A family working on the hard things

We worked with our kids; we ensured that all of them had at least one after school activity in high school each semester. It could have been track, band, or debate or any other after school club. We followed a rule similar to the one outlined in Grit In our case, the activity (hard thing) became karate because our kids chose karate. When they were younger, yes, we signed them up for certain sporting activities and allowed then to quit after the season was over if that is what they wanted. They always had to finish the season or the commitment. As an adult, we find that we still pay attention to this hard thing rule. Is this something you can add to your goals?

Discipline and high expectations is what we expect for every class. It begins when we arrive at class early and bow when entering the dojo. It continues with bowing to the sensei at the beginning of class and standing in line, no wiggling allowed, by age and belt. We notice when techniques are improperly executed and repeat drills to ensure they are learned properly. Our sensei demands a response from his teaching, and when we give that response we feel part of this select community.

It is easy to just let a class lapse into having fun without a path to follow. Of course, no instructor would want that for their students and no student, after experiencing that environment, would go willingly back to that environment. Think back to your favorite teacher. Mine was my high school physics teacher, and no, I did not study physics in college. He was demanding and expected us to push ourselves. Looking back, he expected more of us than almost any other teacher in the school. The work was not impossible.

To progress and grow we need to resist that easy path, the one without discipline and high expectations. Yes, it is more work. If we take the path of most resistance, we will push ourselves out of mediocrity. When we push ourselves out of mediocrity, we find ourselves in the area where we are challenging ourselves to be the best we can be. We want to achieve excellence. When we speak about the black belt test at our dojo, we often speak about endurance. We train for the test because we know that it will be a long test.

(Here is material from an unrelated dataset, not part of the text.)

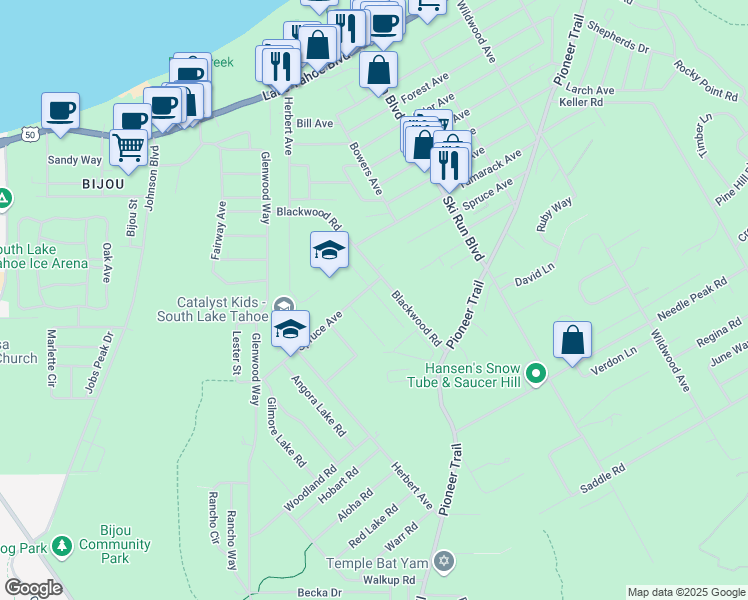 map of restaurants, bars, coffee shops, grocery stores, and more near 1276 Heather Lake Road in South Lake Tahoe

The elements of the test are known and should be part of our regular practice. It takes a while to build up endurance. It turns out that endurance, or perseverance, is about 90% of the martial arts. Will power (determination or grit) is required to accomplish what is considered impossible by a white belt or other students in karate.

When we are on the path of most resistance, we want to compare ourselves to the people around us.  This is an application of the hard thing rule in action. You may be tempted to say “Compared with the rest of my belt peers, I’m doing great.” Of course you can always say, “(name of your hero) has the same 24 hours that you do.”  The only comparison we should do is with ourselves and not with others. Take a look at what would happen if, for example, if you compared yourself and your skills to your hero, how well would you compare?  No matter who they are, they have the same 24 hours that you do.  The change that is required is with the person we see in the mirror, me included. I need to step up and slowly practice that new kata and work out my mistakes.

The person who has “made it” to black belt put in the time and the hard work. They showed respect for the dojo and their sensei. When our sensei goes to teach class, he does not compare himself with other senseis or dojos. He is looking at what the best experience should be and is constantly and consistently improving those things for us. Do you have high expectations of yourself and what you are doing in your karate practice? Does your teacher have high expectations for you and the rest of the class? Are you doing work in your practice that challenges you? The foundation of this teaching is the high expectations and relentless focus on the best teaching for martial arts he can find or invent. Go and sign up for your own hard thing rule.

See you in the dojo soon!

Quiet Place--see the tall trees?

If we take the path of most resistance, we will push ourselves out of mediocrity.